Friday, July 28, 2006

Interest Rates, the Reserve Bank & Governemnt

Prime Minister John Howard claims that the most recent CPI increase (inflation at 4%) is outside the government's control, and that the Reserve Bank should look at NOT raising interst rates next Tuesday.

There are two problems here:

1) Mr Howard claims that low CPI & interest rates are to his credit, but that higher CPI figures are not the fault of his government.

Certainly governments cannot control the weather patterns (gloabl warming is a separate social issue for the world) or high prices of crude oil, which are governed by the insatiable demand by heavily industrialised nations and rapidly developing nations. However, Mr howard is a proponent of going to war inthe the Middle East. The wars in Afghanistan and Iraq, the support of the US and other nations, including Australia, for Israel's relentless attacks on Lebanon all contribute to instability in the Middle East and market nervousness about future oil supplies. This is not an argument about whether the military actions in the Middle East are justified; just that the military actions DO create market nervousness and DO contribute to higher oil prices.

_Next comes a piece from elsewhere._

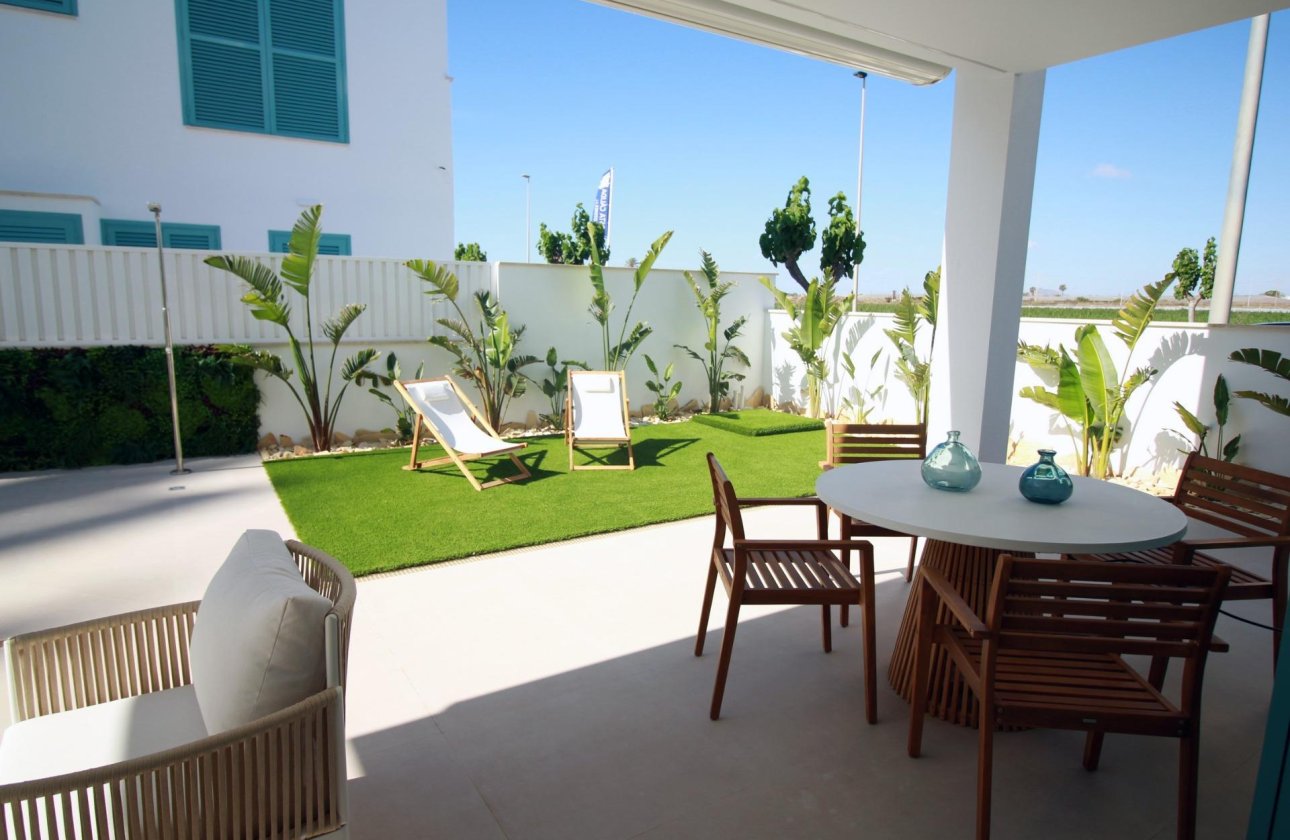 New Build - Ground Floor Bungalow -
Pilar de la Horadada - Torre De La Horadada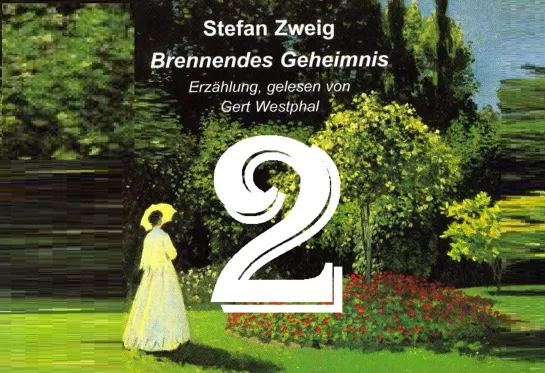 2.Rasche Freundschaft (Внезапная дружба) Brennendes Geheimnis. S. Zweig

To the extent that Mr Howard supports the war in the Middle East, he has certainly contributed to the poor CPI figure.

He has further claimed in the past that previous Labor governments caused high interest rates, but he tells us and his nervous backbenchers that it's not his fault. He really can't have it both ways.

2) The Reserve Bank is an independent body. It is inappropriate for the Prime Minister, or any other member of Government, to tell the Reserve Bank how they should manage Australian interest rates.